Sydney artist Claus Stangl’s painting of Aotearoa New Zealand filmmaker, actor and comedian Taika Waititi has won the Archibald Prize’s Packing Room Prize — kicking off ‘Archies season’ in Sydney.
It is Stangl’s second time as an Archibald finalist, having previously been selected in 2020 for his portrait of Sydney hip hop artist L-FRESH The LION.
The UK-born painter said “he couldn’t believe it” when Waititi agreed to sit for him, having sent the director a detailed “treatment” of ideas for the portrait while he was shooting the forthcoming Marvel blockbuster Thor: Love and Thunder in Sidney.
“I didn’t hear anything for for a few weeks … and [then] I got the phone call on a Wednesday and was told that he’s available Friday, so I had one day to get my act together. But it came out trumps,” Stangl said.
“I’ve admired his work for so many years,” he said, dating his admiration back to watching Waititi’s film Boy in 2010.
Stangl’s portrait of Waititi is one of 52 finalists in one of Australia’s longest-running and richest awards, with a prize pool of $108,000.
Announcing the winner of the Packing Room Prize, head packer Brett Cuthbertson, who has the deciding vote, said Waititi had a “vision and a twisted sense of humor that we all need right now” in a “world full of war and COVID — it’s pretty miserable at times”.
He also announced that 2022 is his last year in the role, as he is retiring after 41 years.
Reflecting the big issues
This year’s Archibald Prize exhibition, which will open to the public on May 14, reflects the issues that have concerned many Australians over the last two years, from COVID to natural disasters and climate change.
Anne Ryan, long-serving curator of the Archibald, Wynne and Sulman Prizes, said she was surprised to see that these issues “are [only just] coming to the fore a little bit more now”.
“I think artists have had time to sort of percolate on some of these big things that have impacted on us all.
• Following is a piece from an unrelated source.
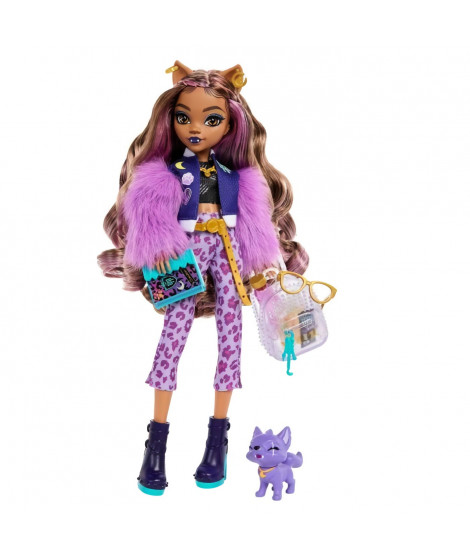 Monster High-Clawdeen Wolf-Poupée avec chien Crescent et accessoires HRP65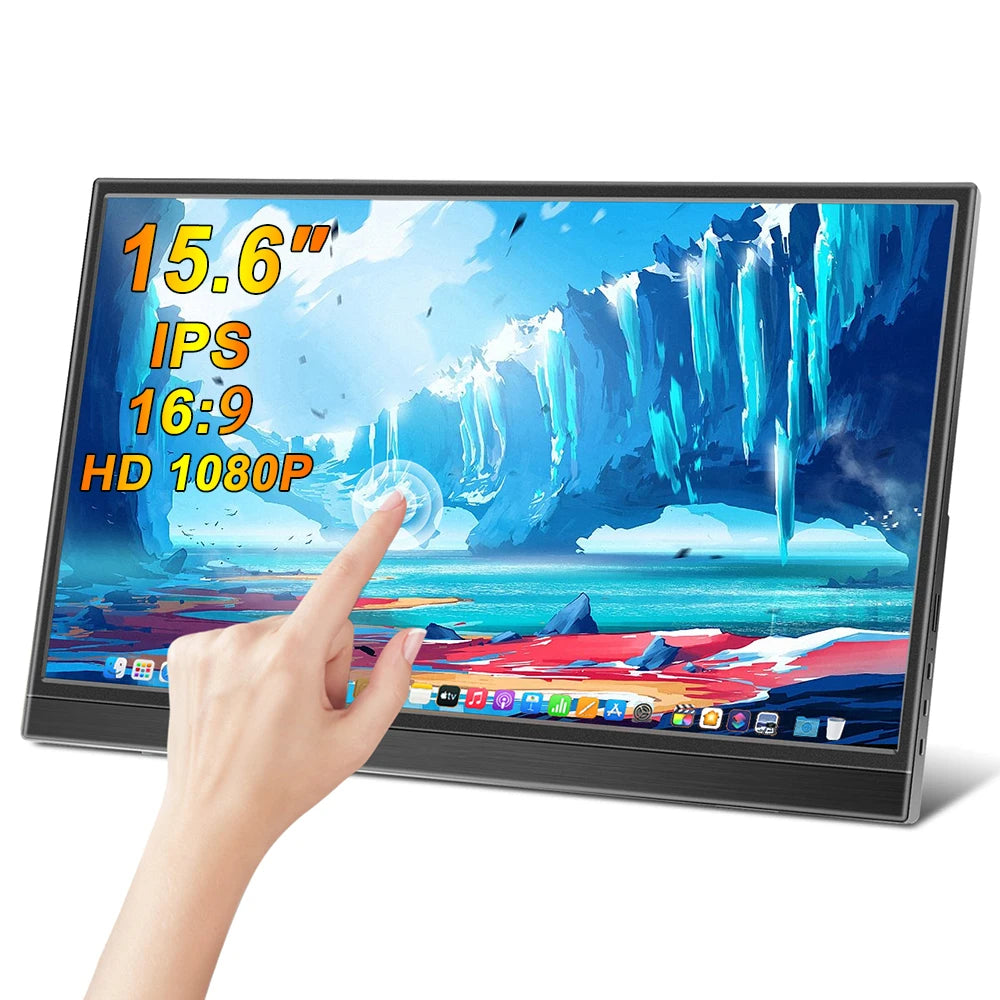 Touchscreen Portable Monitor for Laptop Travel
And so the people that they’re choosing to paint are people who are really kind of standing up and making a difference — whether that’s in the sphere of the environment, or in the sphere of political change.”
She pointed to 2018 Archibald winner Yvette Coppersmith’s portrait of young climate activist Ella Simons, and Sydney painter Blak Douglas’s portrait of fellow artist and friend Karla Dickens, who lives in NSW’s Northern Rivers, and is depicted standing in floodwaters while holding a leaking bucket full of water in each hand.
(Dickens told ABC Arts in April that the holes in the buckets symbolize the government’s inaction on climate change.)
Artist Jude Rae chose to paint Australian engineer and inventor Saul Griffith, the author of The Big Switch: Australia’s Electric Future, and a former climate and energy adviser to US President Joe Biden.
Anh Do, host of ABC TV’s Anh’s Brush With Fame, painted Midnight Oil frontman and former Labor cabinet minister Peter Garrett, a longtime advocate for climate action.
Ryan says the Archibald Prize is unusual in that it’s not just about great painting — it’s also about reflecting contemporary Australian society.
“So it’s got the extra level, about who is painted [and] the stories of the people that the artists have chosen to paint.”
Reflecting Australian society
Close attention is paid to the gender breakdown of the Archibald Prize each year, and the other ways in which it reflects the diversity of Australian artists and society.
This year, the prize slipped from the precise gender parity of 2021 to a 42 to 58 per cent split between men and women finalists; however across the three prizes — including the Wynne and Sulman finalists — men and women were equally represented in 2022.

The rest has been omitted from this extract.